• Problem details
Please write out the whole listing that follows exactly; the pictures stay out.

• Source material
══════════

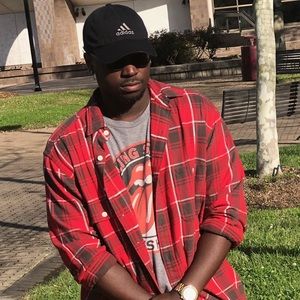 Meet your Posher, Shun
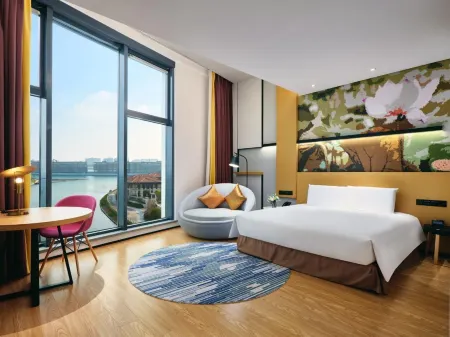 Shanghai Zhiyu Greenland Q-Box Hotel Отели рядом с достопримечательностью «Er Yan Temple»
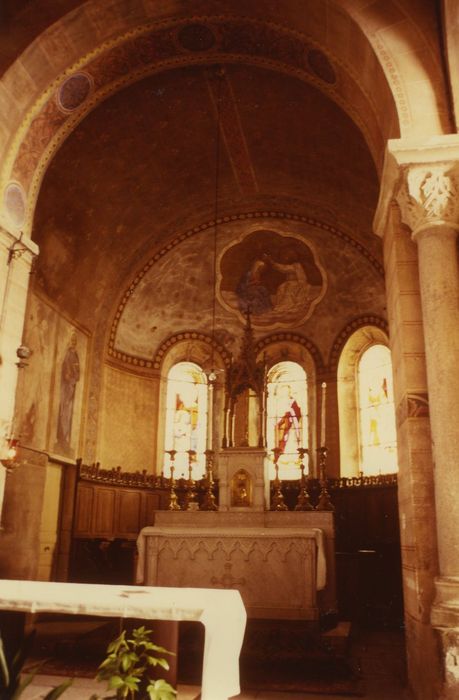 Eglise paroissiale Saint-Cyr : Choeur, vue générale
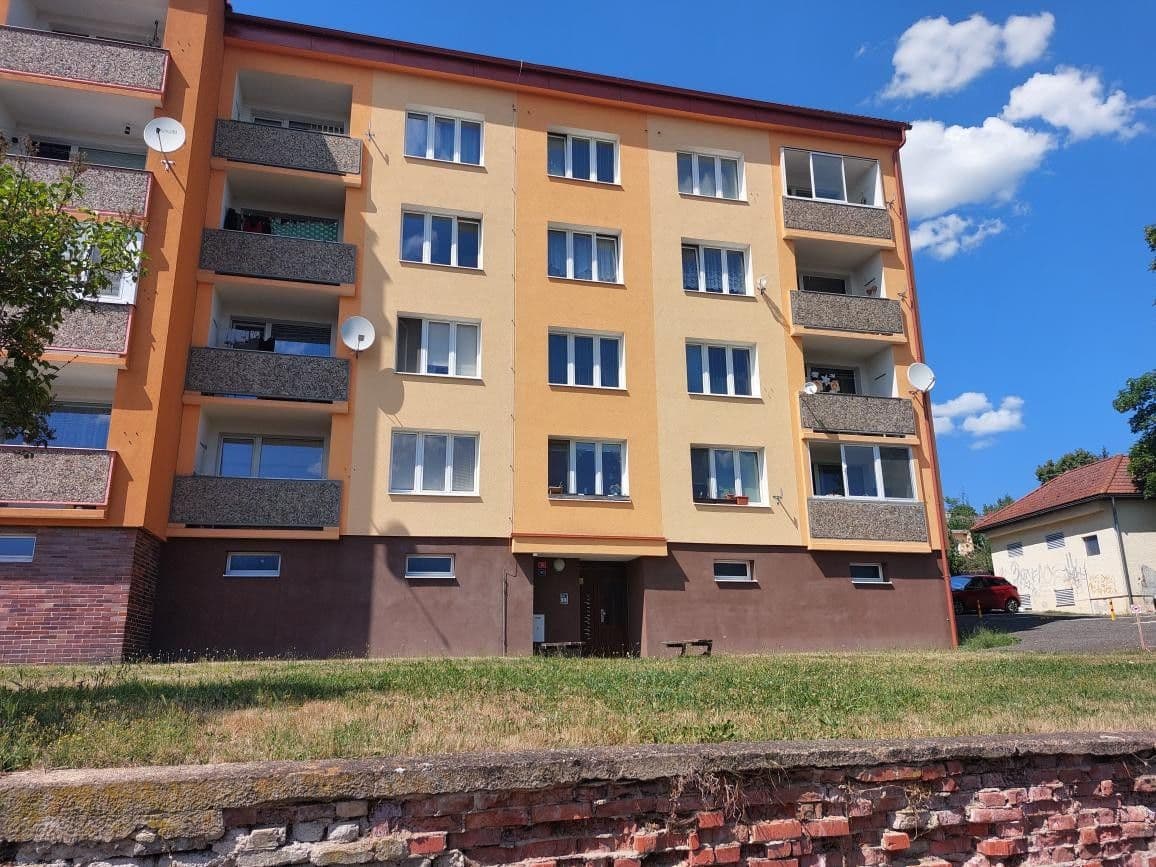 Pronájem bytu 3+1 64 m², Boženy Němcové, Cheb, Karlovarský kraj Pronájem bytu 3+1 64 m², Boženy Němcové, Cheb, Karlovarský kraj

══════════

• Result
 Meet your Posher, Shun
 Shanghai Zhiyu Greenland Q-Box Hotel Отели рядом с достопримечательностью «Er Yan Temple»
 Eglise paroissiale Saint-Cyr : Choeur, vue générale
 Pronájem bytu 3+1 64 m², Boženy Němcové, Cheb, Karlovarský kraj Pronájem bytu 3+1 64 m², Boženy Němcové, Cheb, Karlovarský kraj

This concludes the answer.